Lauréate du prix du Gouverneur général et finaliste au Giller's (pour Le Cercle parfait', paru en 2003), mère d'une petite fille, nouvellement établie en Angleterre, artiste-peintre exilée en Italie pendant 10 ans, Pascale Quiviger a la citoyenneté et l'identité plurielles.

À Montréal pour une «visite familiale», elle a rencontré La Presse la semaine dernière pour parler de son dernier roman, La maison des temps rompus.

Quelques jours avant ma rencontre avec Pascale Quiviger, l'attachée de presse m'informe qu'elle est très aimable et qu'elle sera ravie de parler de son livre. Seulement voilà: on me précise aussi que Mme Quiviger préfère éviter les questions personnelles. Une consigne qui, évidemment, pique ma curiosité. Quelques clics sur Google plus tard, je découvre qu'elle est mariée à un politicien bien en vue du Labour Party.

Mais fermons le carnet mondain et attardons-nous à une dimension beaucoup plus passionnante de Pascale Quiviger: son rapport à la création. Écrire, pour elle, s'apparente à une méditation, à l'écoute d'une voix intérieure.

«Dans mon cas, écrire est toujours une improvisation. Je ne sais absolument pas où ça s'en va ni comment les personnages vont s'incarner. Ils m'apparaissent avec leurs visages, leurs inquiétudes, comme si j'avais à les interroger. Si j'avais un plan en partant, j'aurais l'impression de faire de la peinture à numéros.»

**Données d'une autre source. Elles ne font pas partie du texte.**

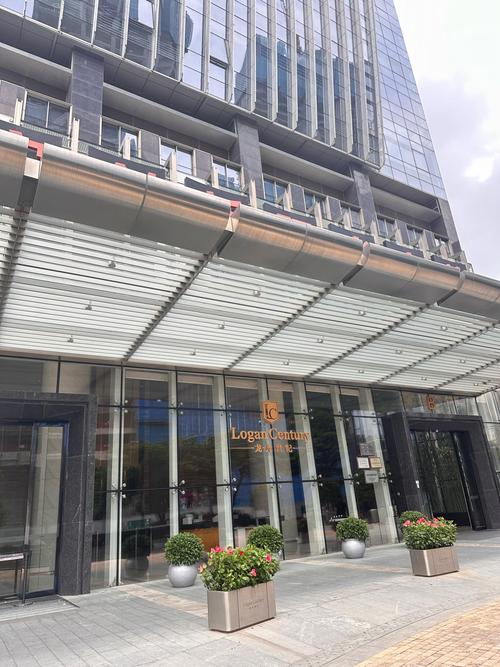 易方达基金如何稳健管理投资者财富?-第2张图片-华宇铭诚 易方达基金如何稳健管理投资者财富?-第2张图片-华宇铭诚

Il y a 10 ans, l'auteure est partie pour l'Italie, financée par une bourse d'estampes. À la fin de son séjour, elle a jeté son billet de retour. Elle a enseigné les arts visuels au pays de Modigliani, qu'elle a quitté en janvier dernier pour s'installer à Nottingham, en Angleterre. «J'ai essayé, en vain, d'avoir deux vies», s'amuse-t-elle.

Elle dit travailler en jachère: la peinture vient nourrir l'écriture lorsque les mots ne viennent pas. Et vice-versa. «Quand j'étais petite, on m'a dit que je devrais choisir. Mais j'ai toujours l'impression d'être tiraillée entre la peinture et l'écriture: comme si j'avais deux enfants et que, si je m'occupais de l'un d'entre eux, je négligeais l'autre.»

En fin de compte, les deux formes d'expression se nourrissent et se contaminent. «Je vois La maison des temps rompus comme un tableau abstrait, comme un diptyque qui serait uni par la couleur. En fait, je pense que cette organisation vient du fait que j'improvise, que j'écris par fragments.»

Le salut dans l'exil

Le «projet vague» qui a mené à l'écriture de La maison des temps rompus a pris racine au moment où Pascale Quiviger était enceinte d'Élie, aujourd'hui âgée de deux ans et demi. «C'est probablement pour cela que mon roman est si féminin», admet-elle.

À travers ses personnages d'amies, de mères, de soeurs, d'aides, qui vivent toutes des difficultés, Quiviger a voulu parler de la façon dont les individus font face aux épreuves et se soutiennent. En d'autres termes, mettre en lumière le courage quotidien, qui fait contraste avec le sanglant, le sensationnel et tout ce qui fait de bonnes manchettes dans les journaux. «Je voulais aller dans la simplicité, parler du courage que ça prend pour se lever le matin.»

La mer est omniprésente dans l'écriture sobre et imagée de Quiviger, qui a construit son roman en cinq «cahiers». Le récit débute par l'exil d'une femme anonyme dans une maison idyllique en bordure de l'océan. Un espace entre la folie et le réel, qui traduit le besoin du personnage de créer de l'espoir, pour assurer sa survie. «Moi-même, je n'ai pas résolu le problème de savoir si la maison existait ou pas. Comme si je m'ouvrais à la possibilité d'une dimension parallèle.»

Elle confie que, pour elle, l'exil est devenu un mode de vie qui lui offre un recul intéressant pour sa création. «L'exil m'a permis de faire fondre les frontières et le sens de l'appartenance. Après 10 ans, je reviens ici et, même si beaucoup de choses me sont familières, j'ai une distance. Bien que je sois attachée au Québec, je ne peux pas dire que je prends part aux problématiques d'ici, comme je l'aurais fait autrefois. Ma façon d'être citoyenne est plus globale et liée à des enjeux planétaires: la cause environnementale, l'économie mondiale qui fonce dans un mur, le fait que l'on doive appeler à des solidarités plus vastes que celles d'une petite nation.»

LA MAISON DES TEMPS ROMPUS

Pascale Quiviger, Éditions Boréal, 238 pages.